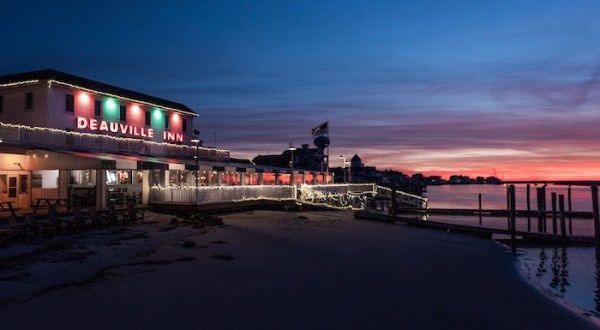 One Of New Jersey’s Hidden Gems, You’ll See The Most Spectacular Sunsets At This Beachfront Restaurant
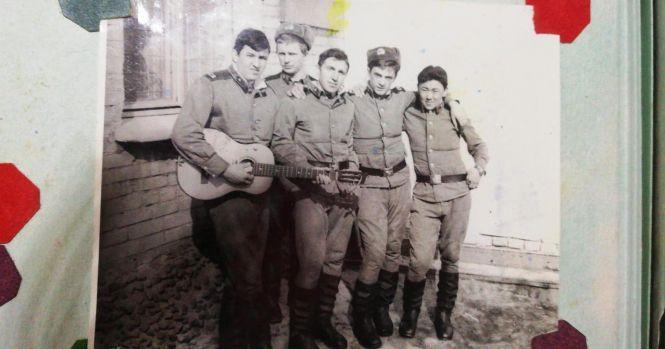 Новини Тернополя - фото з Просимо, відгукніться: хлопець з Казахстану розшукує армійського батькового друга з Тернопільщини
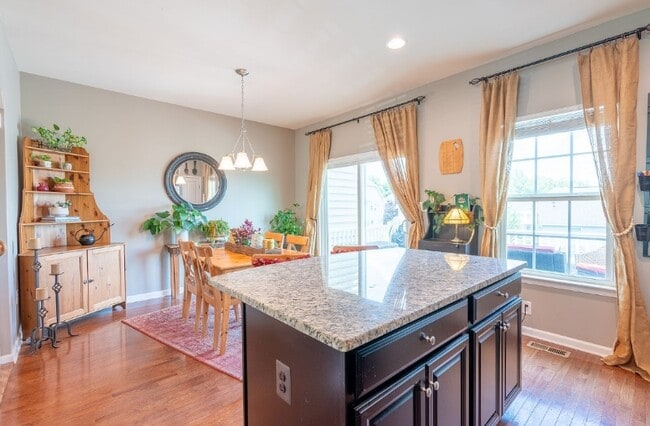 Building Photo - 2140 Elm Tree Knoll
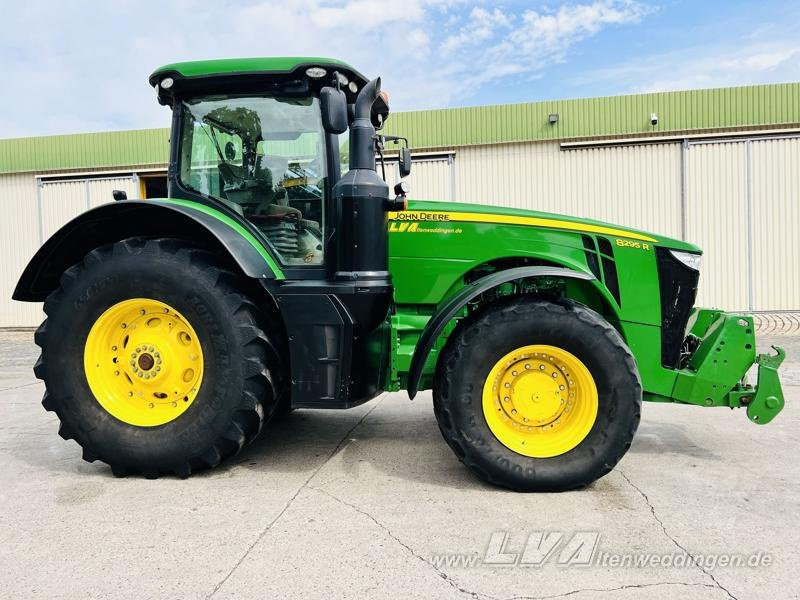 John Deere 8295R - Traktor: das Bild 4 John Deere 8295R - Traktor: das Bild 4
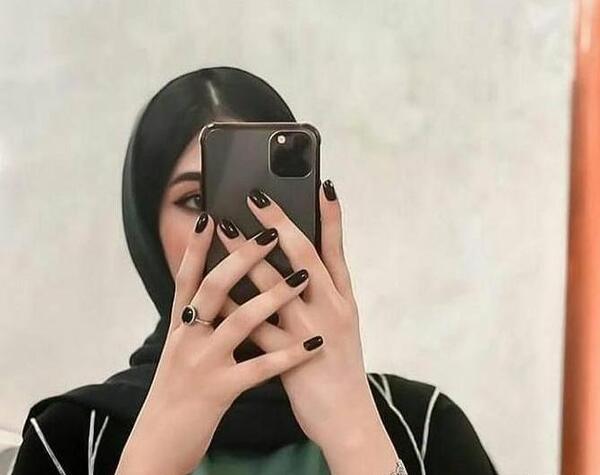 عکس دختر بلوچ با گوشی ایفون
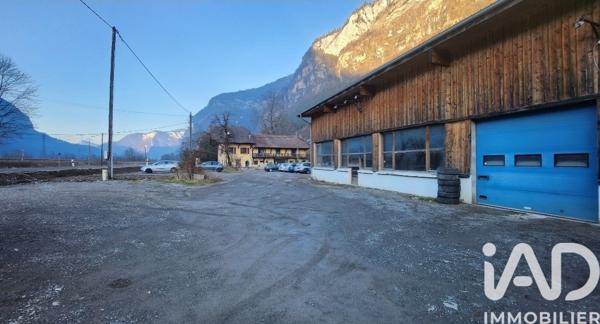 Immeuble à vendre 350 m² Magland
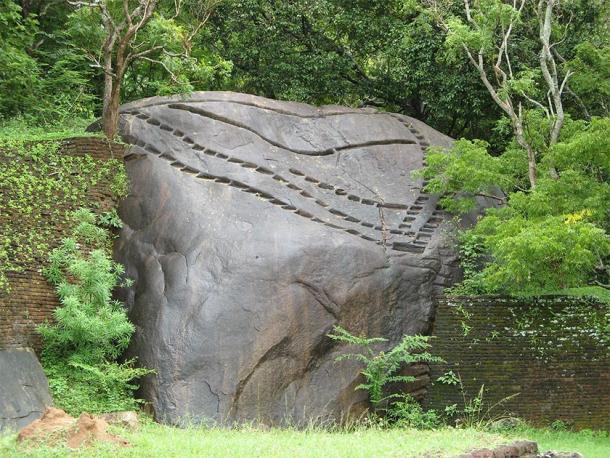 Un exemple d'encoches rainurées similaires à Sigiriya, qui semblent avoir été 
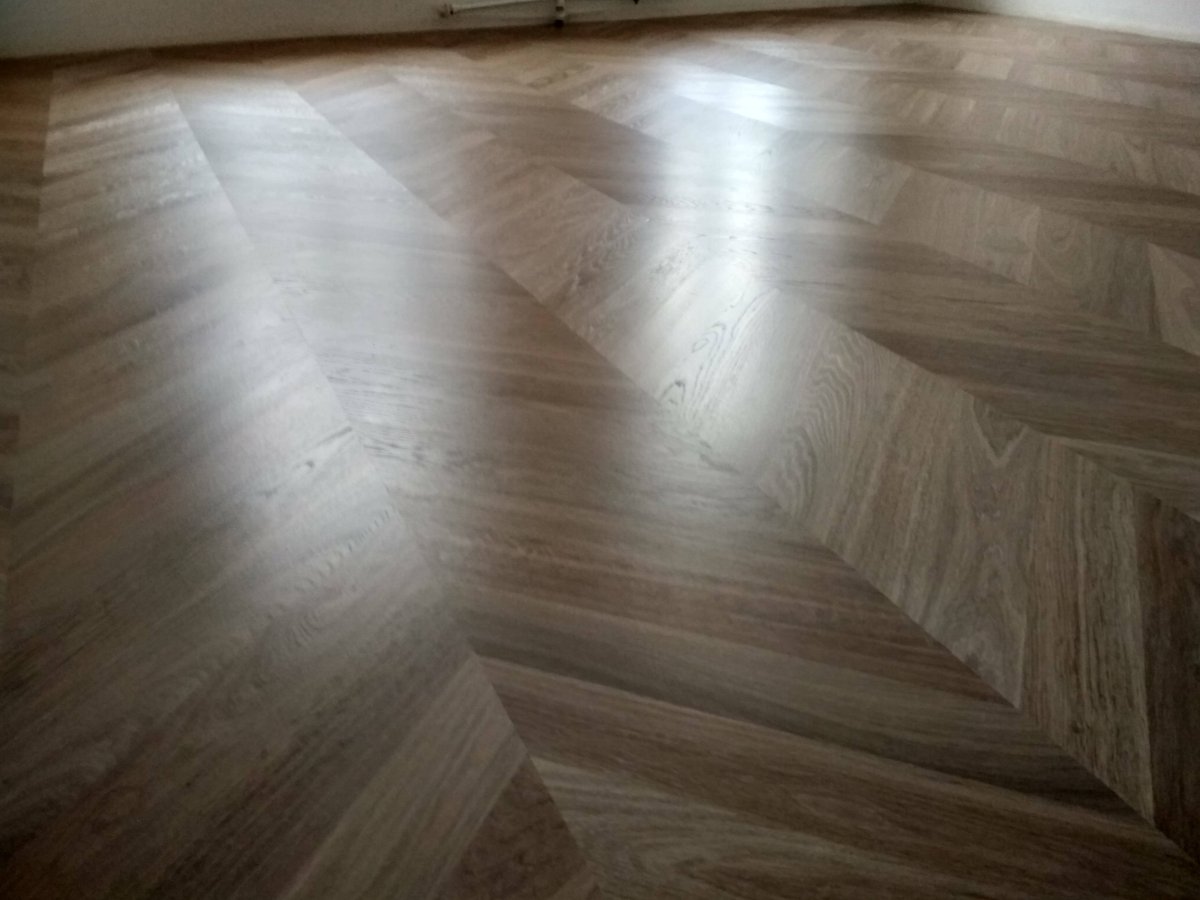 Укладка кварц винила елочкой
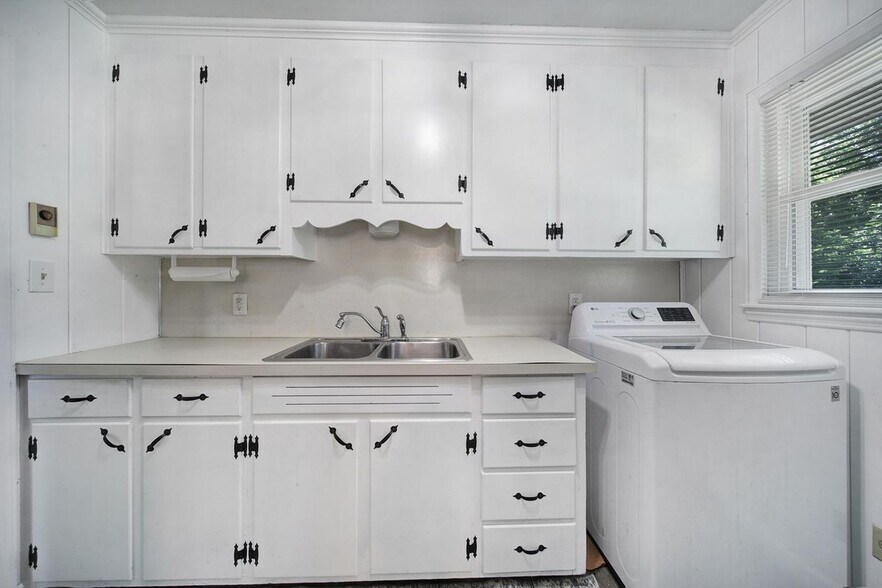 Building Photo - 4301 Briarhill Dr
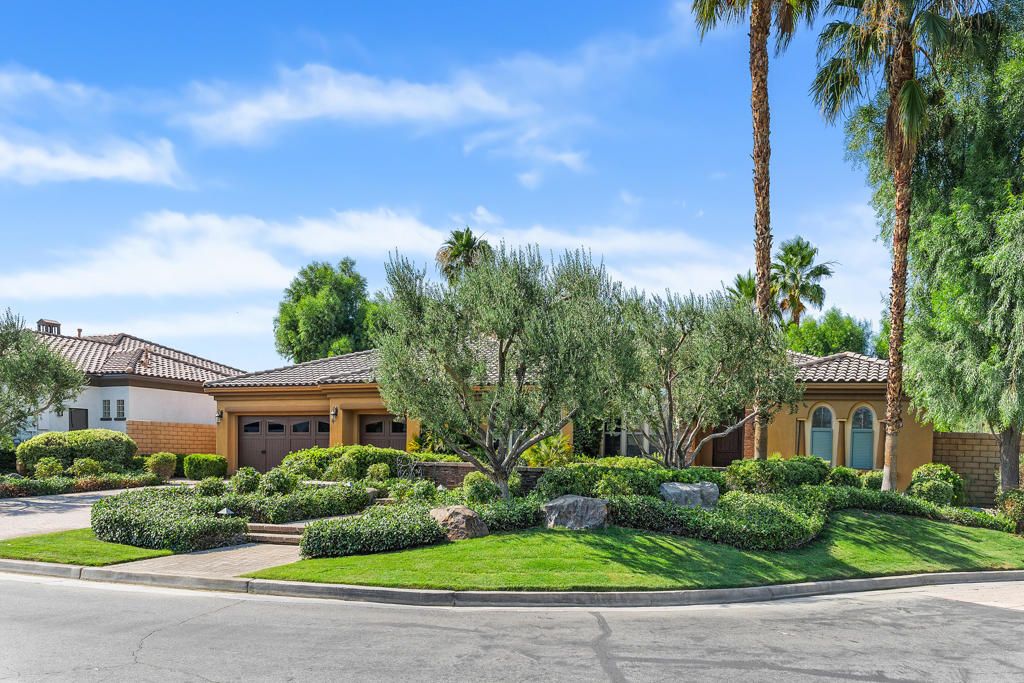 Attached, Exterior, Facade, Mediterranean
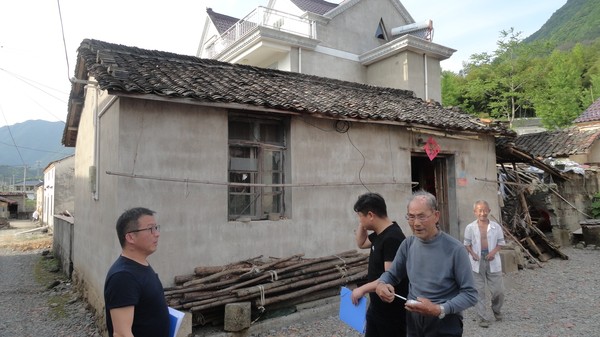 三溪镇开展农村危房改造核查工作1.JPG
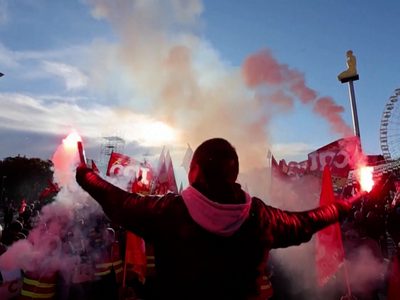 Protestas masivas en Francia por una ley que aumentaría la edad de jubilación a 64 años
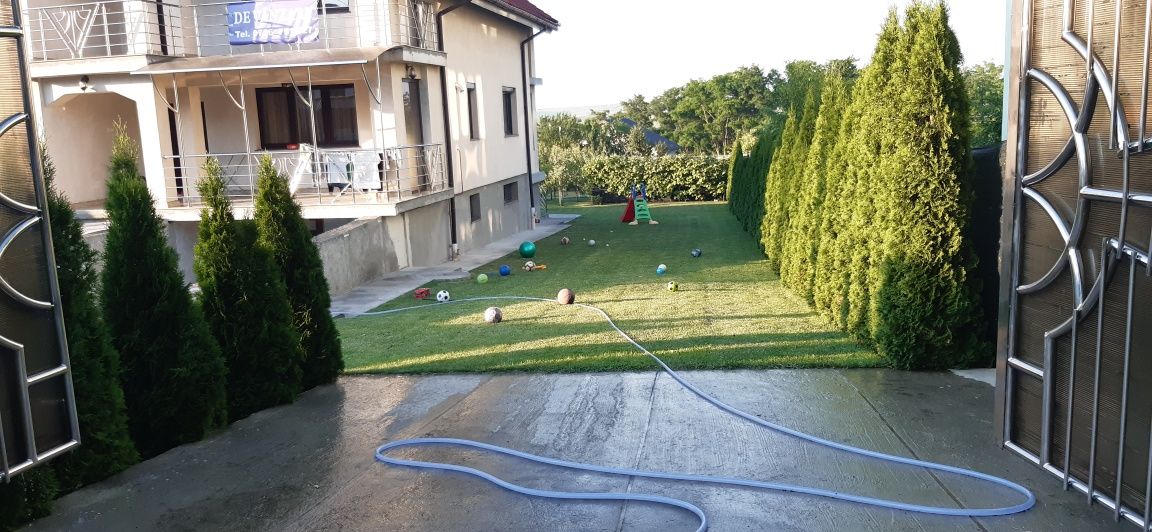 Casă  de  vanzare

○ ○ ○ ○ ○

▶ **Activity**
Your copy should match the entries above exactly and contain no pictures.

▶ **Answer for the task**
 One Of New Jersey’s Hidden Gems, You’ll See The Most Spectacular Sunsets At This Beachfront Restaurant
 Новини Тернополя - фото з Просимо, відгукніться: хлопець з Казахстану розшукує армійського батькового друга з Тернопільщини
 Building Photo - 2140 Elm Tree Knoll
 John Deere 8295R - Traktor: das Bild 4 John Deere 8295R - Traktor: das Bild 4
 عکس دختر بلوچ با گوشی ایفون
 Immeuble à vendre 350 m² Magland
 Un exemple d'encoches rainurées similaires à Sigiriya, qui semblent avoir été 
 Укладка кварц винила елочкой
 Building Photo - 4301 Briarhill Dr
 Attached, Exterior, Facade, Mediterranean
 三溪镇开展农村危房改造核查工作1.JPG
 Protestas masivas en Francia por una ley que aumentaría la edad de jubilación a 64 años
 Casă  de  vanzare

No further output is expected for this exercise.